Dying well teaches us how to live well ... it is all part of the same process. If we can help just one person, or one family or one community to accept end of life in a positive and non-fearful way then we are helping to dissolve some of the fears that people have.

In my own work I use gentle and traditional methods. I work with people on a deep level of communication and trust; this is what I describe as working from the heart.

Sometimes this might mean sitting with someone in the garden, holding their hand and just talking through their worries. At other times, I might offer them some healing or a gentle massage, especially if they have pain or discomfort. Similarly, music, art or the scent of sweet oils may all help to open up important conversations. Sometimes we don’t even talk. Often we laugh.

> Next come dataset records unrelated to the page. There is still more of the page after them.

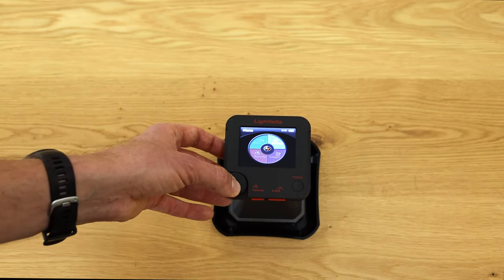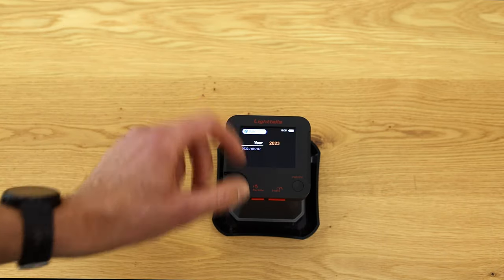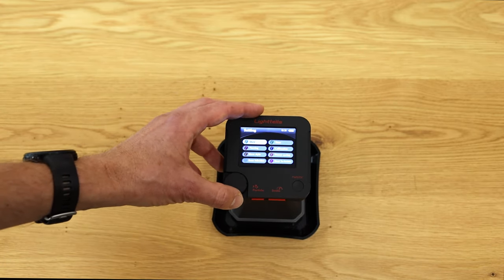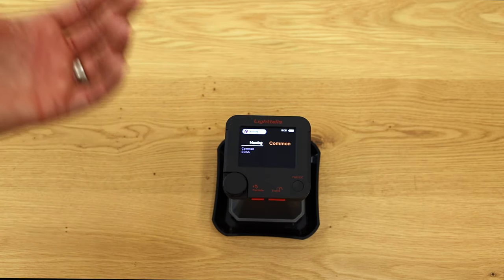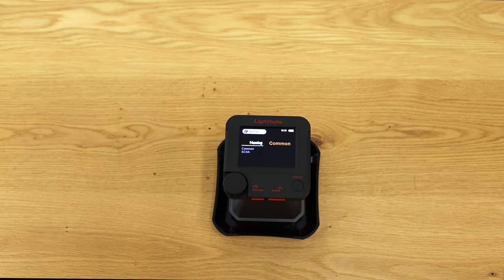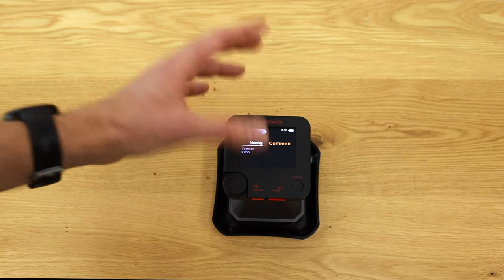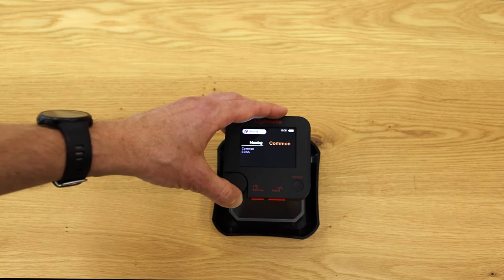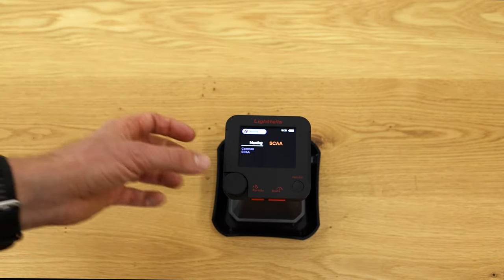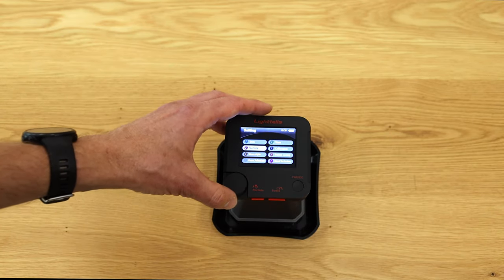Now into Settings. Here you can set date and time so that measurements are accurately timestamped in the device. The device gives precise color values but also provides descriptive wording for roast levels like 'light' or 'dark.' You can choose between SCAA naming or another common naming convention for these descriptions — not critically important, but useful.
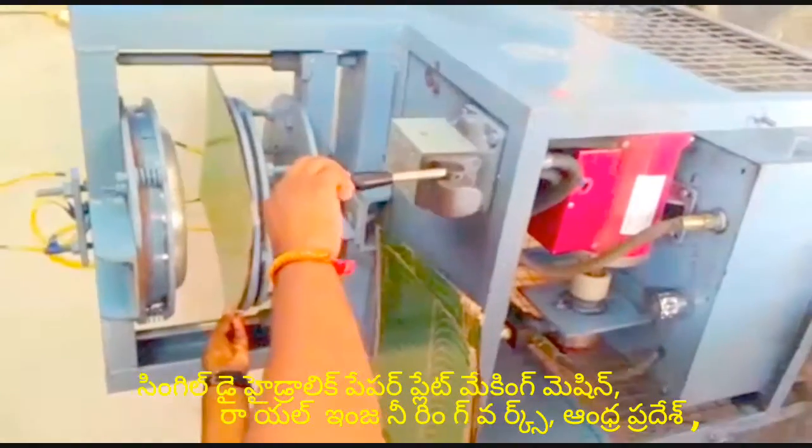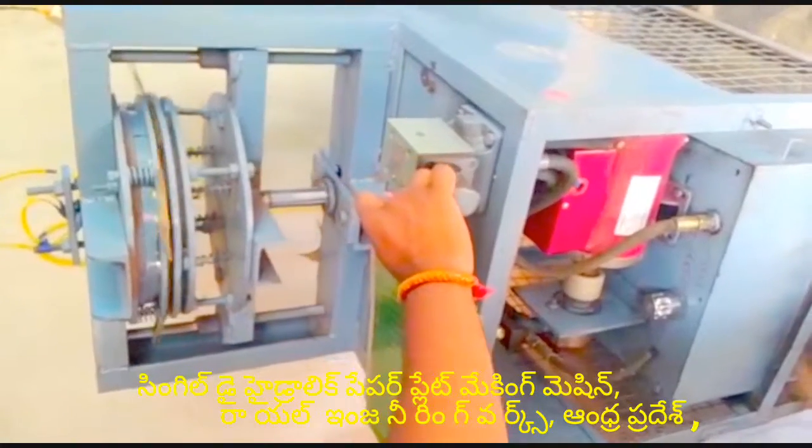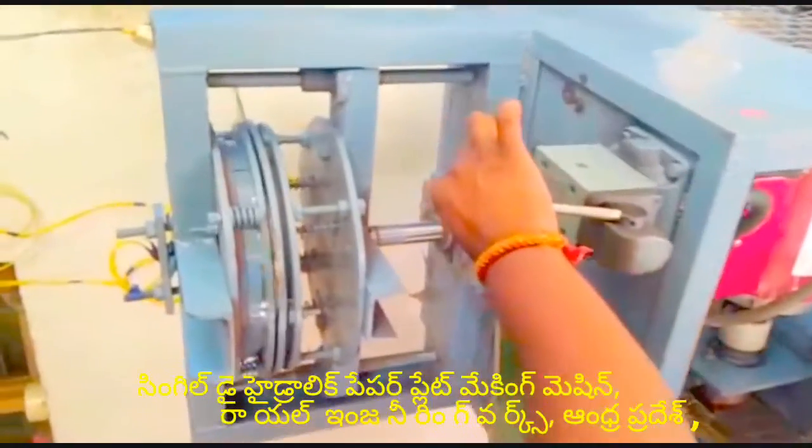This is a sheet paper. The right hand is a lever, Type 5. If you want to use it, you can use the lever.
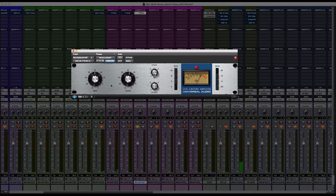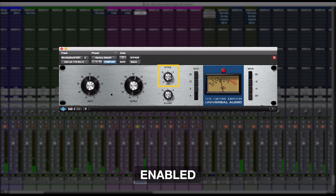Then I want to give it a fast attack, so basically the compressor attacks when the notes and tones of the trumpet are hitting, just so it grabs it and it pokes through the mix a little bit more. A fast attack will be seven, a slow attack will be one, so I'll bring it all the way to seven to give it a real fast attack.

I can never tell you in advance how supporting a person will be: it takes its own shape … it just happens.

I have no religious agenda. I am just one person helping another. This is their death, their experience, their journey.’

 

Felicity is founder of the soul midwives’ movement and the Soul Midwives’ School (see www.soulmidwivesschool.com).

She created the idea of soul midwifery for the dying and her pioneering work has brought a new dimension to holistic and spiritual palliative care, both in the UK and abroad (there are now soul midwives working in the USA, Canada, Australia, New Zealand and South Africa).

She is a lecturer, teacher and author of two acclaimed books – Gentle Dying and A Safe Journey Home. She is currently working on the Soul Midwives’ Handbook which will be published in summer 2013.

She explains: ‘My aim is to have a Soul Midwives in every hospital, care home and hospice within the next five years in the UK.’

Soul midwives use a sophisticated knowledge of the dying process to ease the passage and bring relief from fear and suffering. Felicity is a passionate campaigner for raising standards of compassionate care at the end of life

From volunteering in local hospices and working one-to-one with many dying people in the last days of life, she developed the Gentle Dying method which offers comfort when medicine has reached its limits. It can be learned and used by any one, in any care setting, to make death a peaceful and dignified experience.

Felicity is an active member of two national groups: Transitus and Dying Matters

She regularly gives lectures at hospices, including:

·      Hospice House, London,

·      St Margaret's Hospice, Yeovil

·      St Margaret's Hospice, Exeter,

·      Weldmar Hospice, Dorchester,

·      St Giles Hospice, Sutton Coldfield,

·      Macmillan Unit, Christchurch Hospital

She was keynote speaker at the 3rd International Death Conference at Winchester University in November 2012 and spoke at the Dying Matters Conference in Nottingham in May 2012.

She also runs large workshops at public events including the Mind, Body and Spirit Festival in London.

Her special interests are the psycho-spiritual and soul dynamics at the end of life, researching traditional folk lore and sacred ritual in the care of the dying and also introducing ways of caring for the dying with love and compassion.